═══ INFORMATION ═══

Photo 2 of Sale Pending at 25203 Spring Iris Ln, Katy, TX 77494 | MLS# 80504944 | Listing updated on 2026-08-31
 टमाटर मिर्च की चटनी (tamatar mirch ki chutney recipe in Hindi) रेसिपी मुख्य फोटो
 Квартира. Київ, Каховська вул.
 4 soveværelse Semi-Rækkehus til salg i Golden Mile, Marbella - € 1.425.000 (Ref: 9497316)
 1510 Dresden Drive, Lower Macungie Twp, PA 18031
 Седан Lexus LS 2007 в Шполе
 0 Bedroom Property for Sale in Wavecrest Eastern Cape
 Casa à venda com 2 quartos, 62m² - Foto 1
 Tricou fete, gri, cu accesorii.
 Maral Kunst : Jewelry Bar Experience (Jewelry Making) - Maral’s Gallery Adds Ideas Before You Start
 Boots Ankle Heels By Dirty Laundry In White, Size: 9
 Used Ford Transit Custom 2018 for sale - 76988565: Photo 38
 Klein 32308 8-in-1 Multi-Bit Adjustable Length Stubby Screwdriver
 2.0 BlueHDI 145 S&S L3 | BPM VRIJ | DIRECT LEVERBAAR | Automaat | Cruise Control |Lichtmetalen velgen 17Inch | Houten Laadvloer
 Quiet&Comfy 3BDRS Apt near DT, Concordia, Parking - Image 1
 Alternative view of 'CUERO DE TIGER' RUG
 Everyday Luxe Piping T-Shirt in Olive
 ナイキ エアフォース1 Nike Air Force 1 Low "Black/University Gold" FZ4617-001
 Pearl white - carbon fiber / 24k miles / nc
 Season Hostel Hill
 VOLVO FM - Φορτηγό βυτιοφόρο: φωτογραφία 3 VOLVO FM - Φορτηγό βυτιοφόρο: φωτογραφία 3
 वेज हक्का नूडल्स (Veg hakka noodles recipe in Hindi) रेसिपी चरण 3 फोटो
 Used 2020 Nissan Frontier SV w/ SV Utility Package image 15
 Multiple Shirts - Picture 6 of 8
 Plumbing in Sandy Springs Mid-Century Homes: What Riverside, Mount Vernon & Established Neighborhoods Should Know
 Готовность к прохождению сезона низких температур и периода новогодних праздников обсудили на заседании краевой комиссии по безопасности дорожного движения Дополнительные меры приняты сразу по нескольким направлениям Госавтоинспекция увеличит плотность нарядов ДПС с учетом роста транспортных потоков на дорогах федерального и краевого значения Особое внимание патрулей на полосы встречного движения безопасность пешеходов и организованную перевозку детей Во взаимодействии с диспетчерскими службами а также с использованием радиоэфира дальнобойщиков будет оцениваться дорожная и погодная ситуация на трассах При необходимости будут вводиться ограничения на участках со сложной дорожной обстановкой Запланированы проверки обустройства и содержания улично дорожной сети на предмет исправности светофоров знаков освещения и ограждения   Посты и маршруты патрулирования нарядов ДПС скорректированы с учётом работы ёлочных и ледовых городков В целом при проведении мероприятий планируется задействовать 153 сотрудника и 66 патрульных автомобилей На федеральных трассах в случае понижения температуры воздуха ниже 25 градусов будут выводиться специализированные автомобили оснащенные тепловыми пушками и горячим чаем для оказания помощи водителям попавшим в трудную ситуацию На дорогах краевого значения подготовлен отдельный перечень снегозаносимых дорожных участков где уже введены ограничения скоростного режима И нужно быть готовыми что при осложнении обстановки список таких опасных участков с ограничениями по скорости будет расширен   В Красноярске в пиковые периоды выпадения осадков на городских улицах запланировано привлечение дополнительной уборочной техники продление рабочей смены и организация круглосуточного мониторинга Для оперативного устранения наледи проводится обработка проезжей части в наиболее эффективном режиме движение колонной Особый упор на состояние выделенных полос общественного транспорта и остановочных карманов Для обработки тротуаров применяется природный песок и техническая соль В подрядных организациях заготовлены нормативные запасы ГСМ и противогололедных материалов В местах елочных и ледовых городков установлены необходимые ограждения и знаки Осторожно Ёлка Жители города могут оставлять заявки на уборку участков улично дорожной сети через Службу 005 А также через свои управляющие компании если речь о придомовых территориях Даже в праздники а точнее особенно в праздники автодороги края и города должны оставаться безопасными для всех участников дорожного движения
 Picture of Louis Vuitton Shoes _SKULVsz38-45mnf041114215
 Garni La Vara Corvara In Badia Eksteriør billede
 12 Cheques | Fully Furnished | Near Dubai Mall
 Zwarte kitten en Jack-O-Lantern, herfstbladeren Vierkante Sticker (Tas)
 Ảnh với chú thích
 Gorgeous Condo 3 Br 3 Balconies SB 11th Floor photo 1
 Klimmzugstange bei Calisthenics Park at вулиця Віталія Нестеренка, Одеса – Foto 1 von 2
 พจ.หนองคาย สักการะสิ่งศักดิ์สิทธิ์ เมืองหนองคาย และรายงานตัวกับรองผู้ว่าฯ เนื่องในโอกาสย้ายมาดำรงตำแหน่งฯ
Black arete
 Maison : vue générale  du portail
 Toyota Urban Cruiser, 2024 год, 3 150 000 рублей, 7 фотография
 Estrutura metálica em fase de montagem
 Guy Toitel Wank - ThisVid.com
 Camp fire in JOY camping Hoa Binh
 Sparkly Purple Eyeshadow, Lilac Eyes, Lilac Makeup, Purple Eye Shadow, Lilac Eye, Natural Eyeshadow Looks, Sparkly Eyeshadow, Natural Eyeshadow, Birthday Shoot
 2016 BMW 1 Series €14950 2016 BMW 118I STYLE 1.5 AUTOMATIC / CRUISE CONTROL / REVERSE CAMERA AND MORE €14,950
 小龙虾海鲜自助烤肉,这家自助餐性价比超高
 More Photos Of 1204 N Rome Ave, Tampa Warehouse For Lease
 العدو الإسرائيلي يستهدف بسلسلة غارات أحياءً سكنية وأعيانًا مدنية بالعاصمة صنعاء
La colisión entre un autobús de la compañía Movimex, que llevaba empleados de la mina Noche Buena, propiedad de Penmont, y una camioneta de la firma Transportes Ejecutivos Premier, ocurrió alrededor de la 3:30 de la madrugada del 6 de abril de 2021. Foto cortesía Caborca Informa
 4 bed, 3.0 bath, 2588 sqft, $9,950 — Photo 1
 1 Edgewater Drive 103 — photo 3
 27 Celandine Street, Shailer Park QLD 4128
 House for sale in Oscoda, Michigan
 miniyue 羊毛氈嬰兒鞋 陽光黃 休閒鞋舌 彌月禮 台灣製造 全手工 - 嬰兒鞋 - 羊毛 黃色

═══

▶ _EXERCISE DIRECTIONS_
Each line in the data above either holds "recipe" or does not. State how many do, as a bare number.

▶ _ANSWER BOX_
2